Moreover, every true professional most probably realizes that the above-mentioned drawbacks of the decentralized applications take place because of neither their immaturity nor the improper development. Lightning networks, bigger (or smaller) blocks, forking, sharding, self-amending as well as any other technical solutions can hardly critically change the blockchain-based apps’ characteristics. This so because of the primary design of every decentralized application where decentralization, censorship resistance, and a crucially minimized human factor are prioritized over any other capability.
Is status quo here to stay?
A broad world audience will never give up using cloud-based centralized software over a medium term at least. How odd it may sound, the network effect highly appreciated by the blockchain proponents works well far beyond the DLT. Google Docs can hardly suffer too much from the above-mentioned accident with the private data leakage because millions and millions of users throughout the world have been using this cloud service for years without significant problems. Most probably, the majority of the world users of Google Docs can recognize the accident as rather a single disconcerting setback than an alarming trend.
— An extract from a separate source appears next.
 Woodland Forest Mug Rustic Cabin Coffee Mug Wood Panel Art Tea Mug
Does this mean that some decentralized analog of Google Docs has no chance to compete with the content behemoth? It depends on the end customers of such an application after all. The multifaceted environment of the contemporary digitization can include numerous groups, cohorts, and companies who are ready to sacrifice speed, scalability, and cost in favor of the immutability of their software enabled by the DLT. Wherever errors and leaks caused by a human factor threats the very existence of a business, a relatively low-productive but highly decentralized software solution can become a silver bullet. Hence, this is about a proper balance between what you appreciate most and what one or another software developer offers you.
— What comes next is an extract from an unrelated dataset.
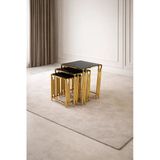 Çelsan Kare Evol 3’Lü Gold Zigon Sehpa Siyah Camlı Çubuklu Metal Tasarım Yerli Üretim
Who can help to make a right choice
When someone is hesitating between a centralized service and a decentralized application, the conflicting recommendations of the developers from both camps can only add some extra hesitation. This is quite natural when every argument can be counterbalanced with a relevant counter-argument. But the truly valuable advice can come from a software development company which feels equally good in both realms. In other words, only a developer whose self-interests do not rely on a definite type of applications is worth listening to. Something wrong is with a developer who always tries to convince a customer to choose just a decentralized application under any circumstances. An ability to grasp the business goals of a customer with no regard to any favorite technology distinguishes a true professional from the rest. Both a project portfolio and customers’ feedback can suggest whether a development company is worth attention or not when it comes to such sensitive issues as human factor effects and data security.